Grace Gardner Trust

The Grace Gardner Trust

Grace Gardner was the daughter of a prominent Northallerton solicitor and grand-daughter of a governor of Northallerton Prison. Following her death in 1966, her will bequeathed to Northallerton Urban District Council assets to be used ‘for the benefit of aged and other persons’. The Urban District Council was succeeded by Northallerton Town Council in 1974 and, on 17th November 1980, the Town Council established a charitable trust (registered charity 511030) for the administration of the funds bequeathed by the will in the form of investments, known as the Grace Gardner Trust.

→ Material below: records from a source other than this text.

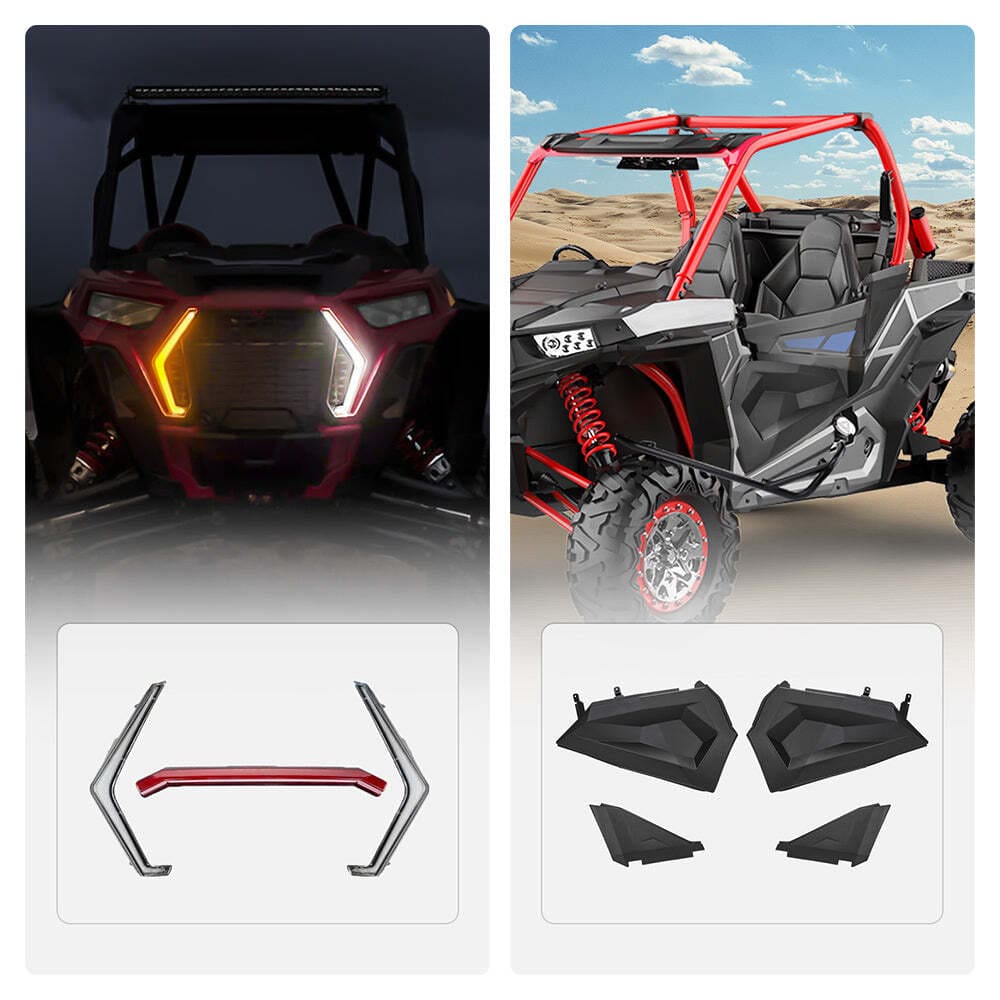 Kemimoto Polaris RZR Front LED Street Legal Light & Lower Half Door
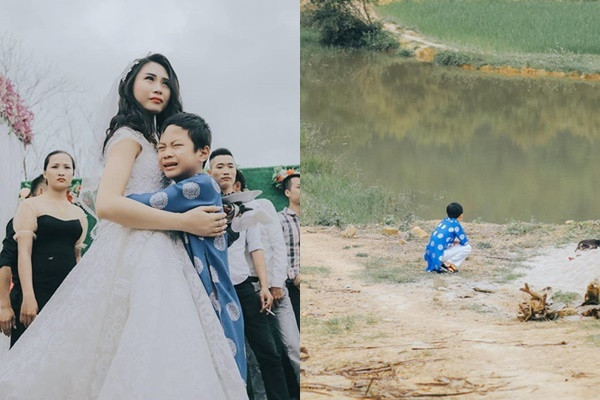 Cậu bé ra sông ngồi lặng lẽ vì không muốn nhìn chị đi lấy chồng. Ảnh: Tổng hợp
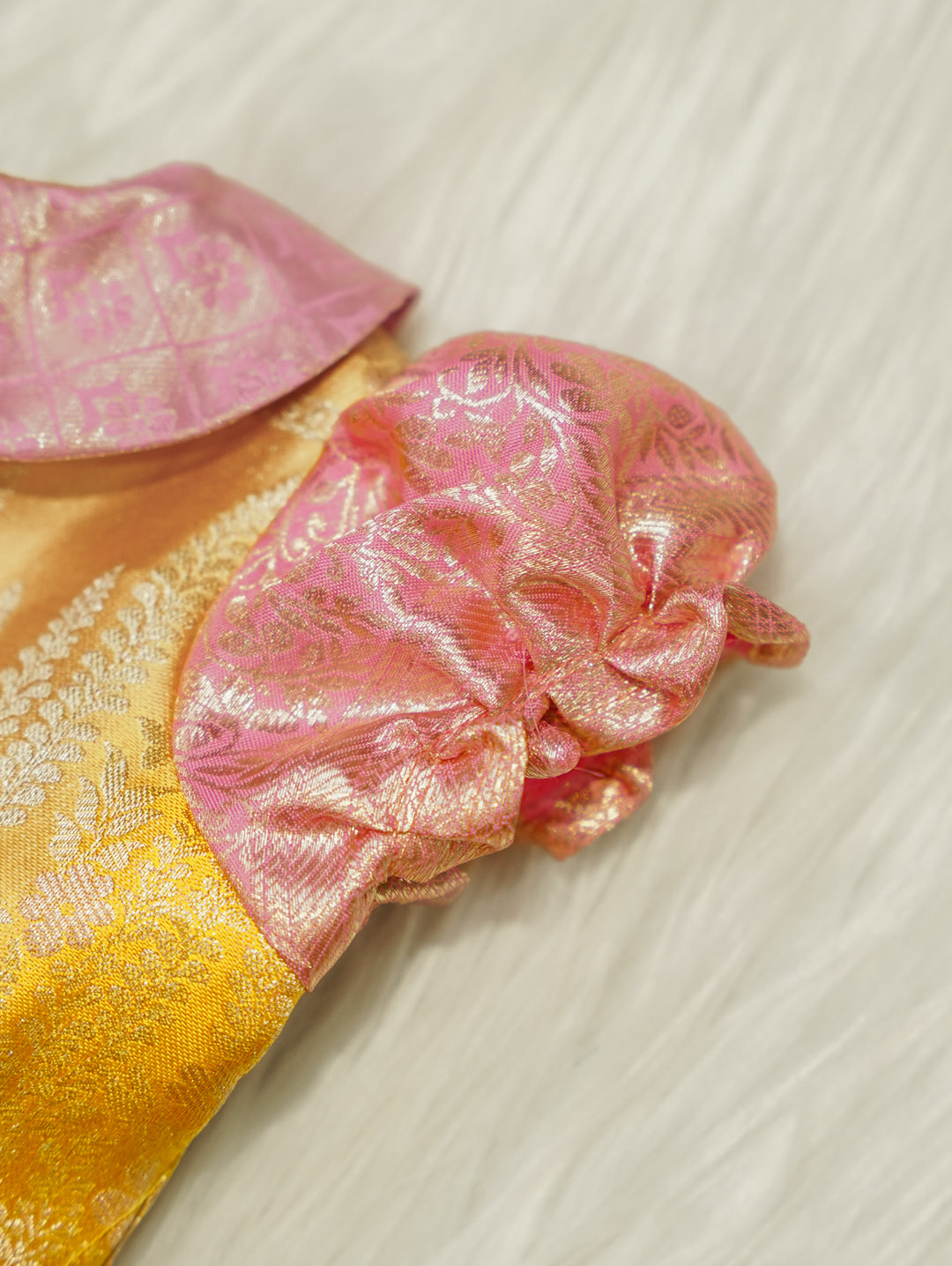 Gold & Pink Baby Silk Frock — Pure Kanchipuram Silk (0–1 Year)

The Trust’s Administration

The trustees of the Grace Gardner Trust comprise three managing trustees and two ex officio trustees, who must be the Mayor and Deputy Mayor of the Town Council. All trustees are appointed for a period of one year. In practice, the trustees are re-appointed (by voting if necessary) at the Annual Meeting of the Town Council held every May.

The current trustees are Councillors Phil Eames (Mayor), Paul Cornfoot (Deputy Mayor), Amanda Eames, Julie Hutson and David Calvert.

Trustees meet a number of times throughout the year; a quorum of three is necessary to make decisions. They are assisted by the Town Clerk & Responsible Financial Officer in respect of the production of annual accounts and fulfilment of the legal requirements for reporting regulated by the Charities Commission.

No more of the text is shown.